Anyway, I would think treating all incomes - cap gains, dividends, interests, and wages - the same would be an equitable policy. But then how does one compensate for inflationary effects on capital gains, and double taxation on dividends, etc...? It is truly a complex problem.
I know to ask questions. I do not claim to know the answers at all.
The first two paragraphs of the Rand quote are generally accepted in the US -- hence the Constitutional provision for patents. The third paragraph seem way over the top. That might be a literary device on Rand's part just to fit the character, or she might have actually believed it. I don't.
You can't leverage the laborer's efforts to free up the intellectual to do great things and then claim that the laborer's only contribution is the physical material he produced directly. What he also produced was the opportunity for the intellectual to do great things.
I myself do not look down on laborers. I myself like to do dirty work for a physical exercise. I do not want to do that for a living, simply because it does not pay as much. People are all different, and what would this world be if we were all doctors and scientists? We are all dependent on each other, and have our own place. The compensation system works out more or less according to a free-market system, which rewards according to supply and demand. There are more laborers than researchers who can devise a swine-flu vaccine. Ayn Rand's point is that such researchers are worth more than their weight in gold. Very true, and much much more so than an engineer like me who designs some electronic devices. From a pragmatic point of view, such medical researchers are pretty rare and need to be pampered.
Anyway, back to the opening post about thanking one's lucky stars...
If I feel a need to thank my lucky stars, I would express my gratitude for living in this country, where even the poor people are greatly better off than those in third-world countries, this country where colleges are open to all aspiring citizens and not just children of an elite class, and where there is no caste system. And this is a country where the main medical problem facing the poor people is obesity and not starvation.
You have seen me mentioning Communism often. If you have not read Aleksandr Solzhenitsyn, I highly recommend "One day in the life of Ivan Denisovitch" and "The First Circle". I am thankful for being in a society that is closer to a meritocracy than most other developed countries, and for not growing up in Communism where equalitarian ideas were taken to absurd levels.

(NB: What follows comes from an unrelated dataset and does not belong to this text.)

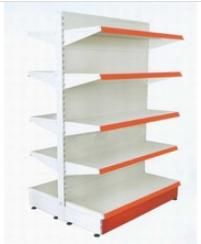 Light Duty Supermarket Shelf Store Retail Fixture for Algeria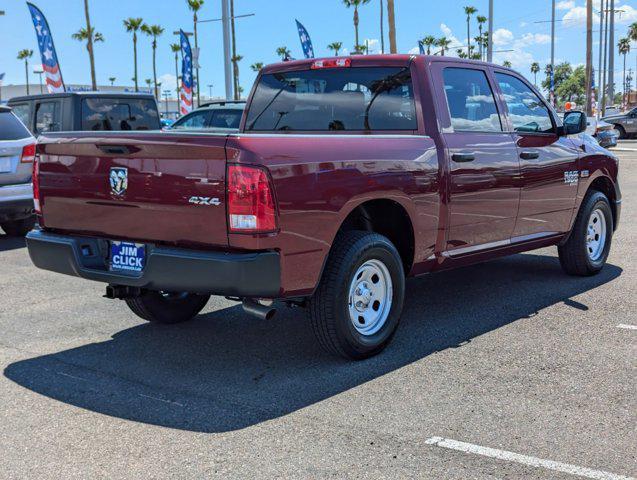 new 2024 Ram 1500 car, priced at $45,825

I would like to tell a story I heard from a Vietnamese refugee who escaped after the Communist take-over in 1975. When Communist cadres took over a hospital in Saigon, they interviewed all the workers there to know their job functions. Upon hearing that a janitor stating that she had been working there a couple of decades, they exclaimed "And the capitalists have not promoted you to be a doctor yet!".
And finally, I like to thank everybody for an enlightening discussion. I have learned a lot from everybody and enjoy the conversation. Last but not least, I also like to thank the moderators for not closing this thread, though we have not discussed ER much.